Garmin have designed an activity tracker for children called the Vivofit Jr 2. It’s quite expensive, but is it worth the money?
Our Score: 4/10
- Two wrist strap options.
The not so good
- Very expensive.
- Additional bands to unlock games are very expensive.
- Difficult for kids to use.
- Game not interesting enough for kids.
Garmin Vivofit Jr. 2 - Is it worth the money? Videos
Garmin Vivofit Jr. 2 - Is it worth the money? Photos
Any app or device that gets kids moving should be a good thing. However, we all know as parents, kids get bored quickly. They also break things! So given the high price tag of the Garmin Vivofit Jr 2, is it worth getting?
The tracker itself is a small device with a colour screen that fits into a wrist band that works with a Garmin App so that children can earn points for steps and progress in the app.
They've got popular themes such as Disney, Star Wars, and Marvel.
The bands can either be bought as adjustable, which is for kids older than 4 (fitting wrists 130-170 mm), or 'stretchy', which is for kids ages 4-7 (wrist circumference of 147 mm).
The tracker and band are waterproof, and so can be worn when swimming.
It also comes with one-year battery life, so you don't need to keep recharging it. However, many parents have reported that the battery fails sooner than a year, and the straps break.
Given the age range is 4 to 7 year's old, if you watch the YouTube videos on how to use it, the menus appear a little complicated for kids to get full use out of it.
The App & Games
Apps and games are everywhere these days. Very few 4 to 7 year-olds will not have used an app or played a game on a phone.
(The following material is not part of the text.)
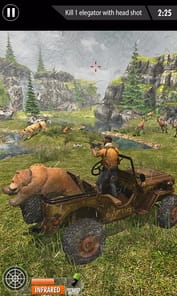 Wild Animal Hunt: Sniper Shoot APK screenshot 1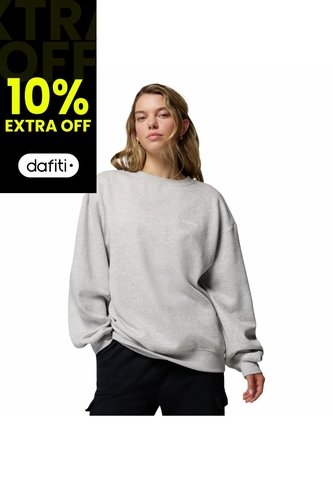 Buzo Mujer Columbia ALDERMORE CREW Gris Columbia Columbia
The idea with the Gramin Vivofit Jr 2 is that your child earns points through the number of steps they take, which then unlocks more levels in the game so that they can level up.
Again, parents have reported issues with this too. The Vivofit doesn't always sync, and the games aren't that great.
Typically the game is installed on the parent's phone, so the child needs to borrow their parent's phone to play the game.
If another child has a Garmin Vivofit Jr 2 activity tracker, then they can pair with another child and do what Garmin calls the 'toe-to-toe' challenge. This game aims to see who can get the most steps in two minutes.
Where it goes wrong
I think the idea behind this is a good one. We can't separate kids from apps and devices these days; it's a part of the world they are growing up in. So, combing an app with an activity tracker should be a good idea.
We've reviewed the ReimaGo before, which has a similar concept, though that wasn't a wrist band.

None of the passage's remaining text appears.